Micromentarios | Entre inyecciones te veas
Una experiencia (¿traumática?) en el origen de una fobia
17/01/23.- Temo y odio las inyecciones. De hecho, en una ocasión en que debían colocarme una pedí que, previamente, me aplicaran anestesia general.
Sé que algunas personas –especialmente mujeres–, considerarán lo anterior un acto confeso de cobardía, pero, como todo el mundo sabe, se requiere mucho valor para admitir que se tiene miedo. Y yo lo admito.
Sentir que una aguja perfora mi piel y hurga las calles y avenidas por donde transita mi sangre es terrorífico. Para mí lo es tanto como sufrir una trepanación mientras veo un partido de fútbol o béisbol o mientras degusto una excelente novela policial.
Dejar que me pongan una inyección es superior a mis fuerzas. Cualquier tipo de estas, desde las que se administran mediante agujas pequeñas para insulina, hasta las que se emplean para adormecer elefantes. Por cierto, a todas las veo similares a estas últimas.
Supongo que es un trauma de mi infancia. No recuerdo una sola inyección que no suscitara un escándalo.

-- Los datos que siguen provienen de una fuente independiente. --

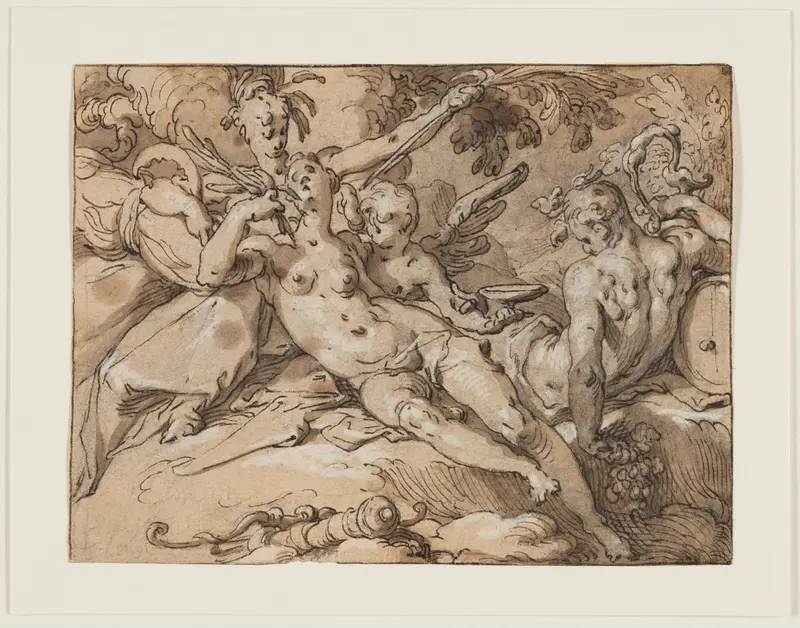 Without Ceres and Bacchus, Venus Would Freeze Wall Art by Abraham Bloemaert - High-Resolution Digital Print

A los seis años, mi pediatra debió perseguirme por el consultorio y, con ayuda de una horrible enfermera con un forúnculo en la mejilla derecha, me capturó. Tras atarme con una larga cuerda, me suspendió en el aire mediante una polea que pendía del techo.
Luego, entre ambos amarraron cada una de mis piernas a sendos ganchos como para tiendas de campaña que había en el suelo. Una vez indefenso, no les costó nada bajarme los pantalones y los interiores y dejar mi trasero al aire.
Desde un extremo del consultorio, el pediatra tomó una cerbatana de poco más de medio metro de largo, que colgaba junto a su diploma de la Facultad de Medicina de la Universidad Central de Venezuela. Se la había comprado a un miembro de la etnia yekuana, durante una excursión hecha por la Gran Sábana.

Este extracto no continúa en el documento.